Dear Kaleid Ladies,
What shows have you watched lately? DId you watch Hamilton last weekend?
We all love a good story.
And, let’s face it. A story isn’t good without some giant misunderstanding, some villainous tension, or some heroic sacrifice. Stories are not made up of bullet points or diagrams or “next step” lists. They are long, messy journeys embodied by human beings. (Maybe this is worth remembering when we think about why God gave us the Scriptures as the story of a Nation, a Man, and a Kingdom rather than a field manual replete with lists of “what do do when…”, but we digress…)
Americans inhabit a story. Our country has a lot of narrative threads running through it, and we each sit inside of the fabric of those threads.

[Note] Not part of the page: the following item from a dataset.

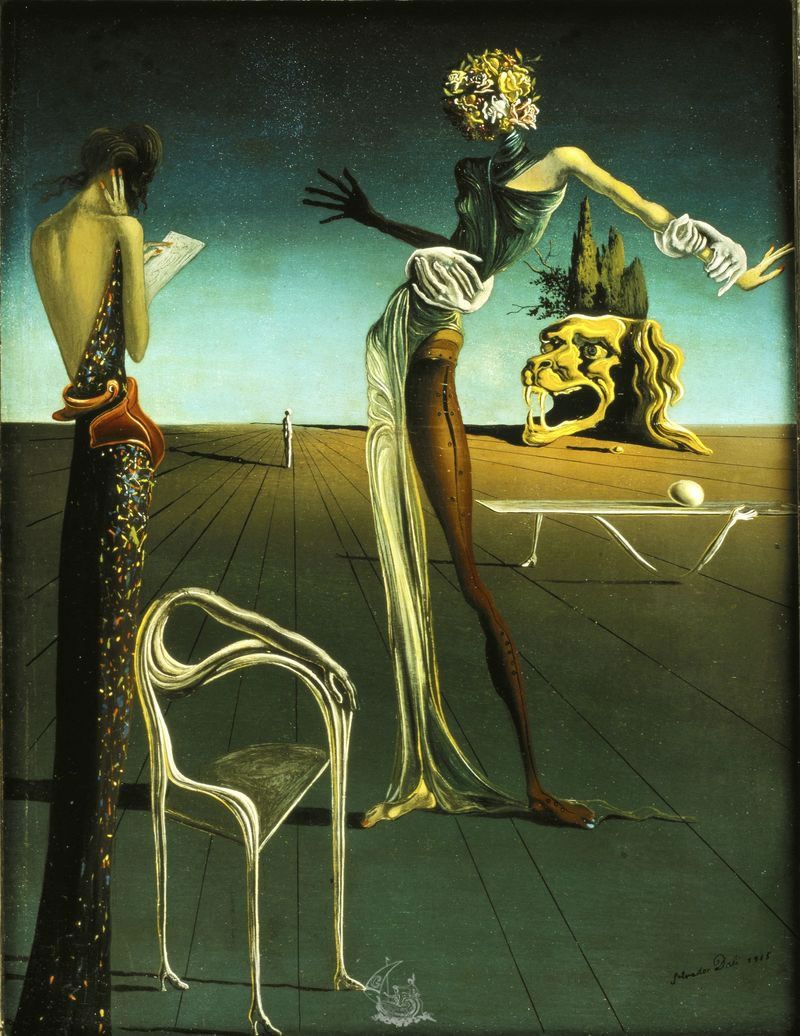 800x1036 Woman With Head Of Roses 1935 Salvador Salvador Dali - Salvador Dali Woman Painting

We aren’t on the outside of the tapestry. It’s so easy to point fingers or to talk about “culture” as though we aren’t a real part of the tightly woven reality of America’s narrative arc.
Our American story includes the painful reality of white supremacy. In an excellent podcast, David Bailey defines white supremacy as, “a spiritual principality, manifested economically, legislated politically, that affects us all relationally.” This definition is hard to read, hard to digest, hard to sit with, and hard to hold. But, in our Kaleid Be the Bridge 101 groups this week, we are grappling with the reality that the answer to our question, “what do I do?” in light of racial brokenness is not primarily a list of to-dos, but rather an awareness of our place in the painful story of white supremacy--the cultural and systemic elevation of white bodies, agendas, and power in our country.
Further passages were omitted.